Monday, September 17, 2007

Watching: Marie Antoinette

Lost in Translation is a very good movie by Sofia Coppola about a sheltered young woman alone and adrift in an alien culture, spending her time aimlessly while surrounded by superficial luxury.

So for a follow-up, Ms. Coppola draws from the same well again, and gives us this movie about a sheltered young woman alone and adrift in an alien culture, spending her time aimlessly while surrounded by superficial luxury.

This one was not so good, and not just because it didn't have Bill Murray in it. (He would've made a good Louis XV.)

The biggest problem is that Marie Antoinette just isn't a very interesting character. Her role in life, and history, was not to act, but to be acted upon, and that doesn't make for good drama. At least, the pre-Revolution Marie Antoinette that this movie focuses on isn't very interesting.
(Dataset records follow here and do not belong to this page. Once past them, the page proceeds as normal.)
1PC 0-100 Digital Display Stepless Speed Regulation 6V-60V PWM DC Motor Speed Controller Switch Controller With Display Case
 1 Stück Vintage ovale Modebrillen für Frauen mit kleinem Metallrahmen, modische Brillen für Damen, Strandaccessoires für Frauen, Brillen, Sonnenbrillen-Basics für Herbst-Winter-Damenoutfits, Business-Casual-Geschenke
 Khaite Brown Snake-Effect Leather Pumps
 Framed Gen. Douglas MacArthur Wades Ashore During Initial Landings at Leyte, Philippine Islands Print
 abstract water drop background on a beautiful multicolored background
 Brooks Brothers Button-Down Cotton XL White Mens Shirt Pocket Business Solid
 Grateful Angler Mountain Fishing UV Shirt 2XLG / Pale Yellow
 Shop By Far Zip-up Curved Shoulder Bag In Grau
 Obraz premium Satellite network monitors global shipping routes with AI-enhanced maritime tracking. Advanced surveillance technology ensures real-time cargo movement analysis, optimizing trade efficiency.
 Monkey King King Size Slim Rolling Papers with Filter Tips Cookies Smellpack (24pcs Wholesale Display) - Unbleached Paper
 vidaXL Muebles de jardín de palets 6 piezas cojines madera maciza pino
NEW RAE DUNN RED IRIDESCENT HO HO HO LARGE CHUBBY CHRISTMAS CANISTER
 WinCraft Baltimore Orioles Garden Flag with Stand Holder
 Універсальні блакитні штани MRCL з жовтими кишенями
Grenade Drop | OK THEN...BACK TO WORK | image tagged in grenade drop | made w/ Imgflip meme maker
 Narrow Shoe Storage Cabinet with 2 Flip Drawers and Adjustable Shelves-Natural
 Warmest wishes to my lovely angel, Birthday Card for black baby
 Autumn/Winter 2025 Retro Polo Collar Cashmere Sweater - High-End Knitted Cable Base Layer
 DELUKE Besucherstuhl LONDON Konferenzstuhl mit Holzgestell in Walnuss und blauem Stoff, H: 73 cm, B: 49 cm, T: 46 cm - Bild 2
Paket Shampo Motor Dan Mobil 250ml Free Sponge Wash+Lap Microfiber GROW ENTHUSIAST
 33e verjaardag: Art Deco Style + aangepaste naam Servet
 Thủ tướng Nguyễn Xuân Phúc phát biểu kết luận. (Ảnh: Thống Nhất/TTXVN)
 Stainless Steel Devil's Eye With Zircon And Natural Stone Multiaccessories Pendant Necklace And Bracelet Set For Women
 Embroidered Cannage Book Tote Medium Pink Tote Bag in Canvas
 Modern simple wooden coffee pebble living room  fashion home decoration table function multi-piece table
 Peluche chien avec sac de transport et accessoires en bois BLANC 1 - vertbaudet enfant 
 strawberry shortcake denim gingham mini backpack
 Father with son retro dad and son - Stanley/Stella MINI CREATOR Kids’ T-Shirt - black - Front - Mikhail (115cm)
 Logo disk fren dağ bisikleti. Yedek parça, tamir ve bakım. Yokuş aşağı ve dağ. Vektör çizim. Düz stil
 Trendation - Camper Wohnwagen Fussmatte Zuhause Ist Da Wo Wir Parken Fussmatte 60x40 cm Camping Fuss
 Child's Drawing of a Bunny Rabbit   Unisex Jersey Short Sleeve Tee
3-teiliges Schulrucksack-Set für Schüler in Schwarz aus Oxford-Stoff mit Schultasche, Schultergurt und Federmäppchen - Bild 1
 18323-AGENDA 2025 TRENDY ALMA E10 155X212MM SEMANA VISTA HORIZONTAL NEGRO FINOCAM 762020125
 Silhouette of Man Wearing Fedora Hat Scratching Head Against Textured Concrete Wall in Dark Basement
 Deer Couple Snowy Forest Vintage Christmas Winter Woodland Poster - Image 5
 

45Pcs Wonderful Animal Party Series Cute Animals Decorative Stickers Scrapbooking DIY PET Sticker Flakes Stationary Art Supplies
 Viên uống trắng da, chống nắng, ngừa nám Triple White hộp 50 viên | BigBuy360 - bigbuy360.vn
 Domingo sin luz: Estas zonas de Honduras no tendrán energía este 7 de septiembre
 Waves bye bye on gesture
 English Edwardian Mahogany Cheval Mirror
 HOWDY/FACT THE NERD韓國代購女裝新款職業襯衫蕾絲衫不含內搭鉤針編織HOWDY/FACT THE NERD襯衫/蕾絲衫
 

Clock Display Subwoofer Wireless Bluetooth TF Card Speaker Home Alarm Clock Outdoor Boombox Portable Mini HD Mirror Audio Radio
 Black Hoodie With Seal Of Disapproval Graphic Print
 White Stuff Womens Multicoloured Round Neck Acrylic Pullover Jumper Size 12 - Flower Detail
If you read about her, all the really interesting stuff happened after Bastille Day. This movie ends -- SPOILER ALERT -- with her being seized by the (unseen) mob, tragically bringing a premature end to a non-stop Euro-disco party.

It's all about the point of view. There could be a valid purpose to presenting the material in this way, if it were, for example, to show some parallel with contemporary life, or just as social criticism in general. This was more of a character study, showing the tragic naivete of Marie, but it failed to appreciate the context in which she lived.

The politics here are a bit unsavory. Here's the writer-director, a third-generation member of Hollywood royalty, working with her legendary father as the producer, her brother as the assistant director, and her cousin co-starring as the king, all making a movie about the decline and fall of the nobility, a gilded age brought down by ignorant peasant rabble. The final shot of the movie is extremely annoying in this regard. It shows Marie's bedchamber, the morning after the crowd has stormed Versailles, defiled and broken. The people who did this are nowhere to be seen, and no motive is assigned to their actions. All we see are the effects of what they've done to this belle epoque, the physical destruction they've wrought on the beauty, glamour and order that was Versailles in particular, and the aristocracy of Old Europe in general. It is disturbing that this is the message Ms. Coppola apparently finds in this story. When Wordsworth said:
Bliss was it in that dawn to be alive
But to be young was very heaven!
he was talking about the Revolution, not the corrupted regime that preceded (and necessitated) it. It's surely more fun to lounge around drinking champagne, gambling with the peasants' tax money and listening to Bow Wow Wow, but is it really something to be celebrated?

Well, at least the soundtrack was good. Plus, there was a Judy Davis sighting.